RFG believes the flow of corporate mail is seldom managed to optimize the effectiveness of customer service and enterprise economics. The management of traditional “paper” mail is routinely treated as a stand-alone task within the enterprise and is seldom integrated into the overall customer service process as managed in the multi-channel customer contact center. A more informed management approach to the traditional mail process would likely result in the improvement of customer service and enhanced efficiencies throughout many aspects of corporate efficiency and effectiveness metrics. IT executives should develop an appreciation for “intelligent mail” capabilities and implement improved handling methods and integrated management routines to enhance cost savings and customer service process efficiencies.

Business Imperatives:

  • In the case of many enterprises the flow of traditional paper mail and its lack of assimilation into other sophisticated customer service tools and processes does not leverage customer service and overall corporate effectiveness. IT executives should develop plans to automate and integrate mail processes with other corporate customer service practices and plan to implement strategies that will maximize the effectiveness of overall customer interactions.
  • In many cases corporate acquisitions, mergers, and restructuring have left the mail document processes isolated from other business processes that drive or are driven by transactional document output, such as bills and statements. IT executives should take ownership of this process before the legacy systems are completely outdated.
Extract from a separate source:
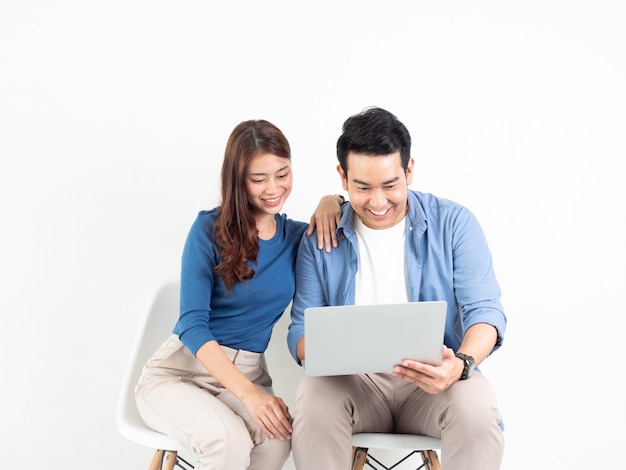 Uomo e donna asiatici che parlano con il computer portatile per l'affare su fondo bianco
They should implement planning for systems to add enhanced features, deliver bills electronically, provide account information in real time, and work cooperatively with marketing, accounts payable and other business functions to eliminate inefficient corporate silos.
  • Tracking the delivery of inbound and outbound mail can add a significant level of accuracy and efficiency to the management of corporate mail and related personnel and processes. However, using advanced mail capabilities to add the knowledge of envelope content can dramatically enhance the functionality of corporate systems. IT executives should attempt to perfect customer service capabilities and enhance system effectiveness, reliability, and security while minimizing risk by implementing an Intelligent Mail tracking program within their corporations.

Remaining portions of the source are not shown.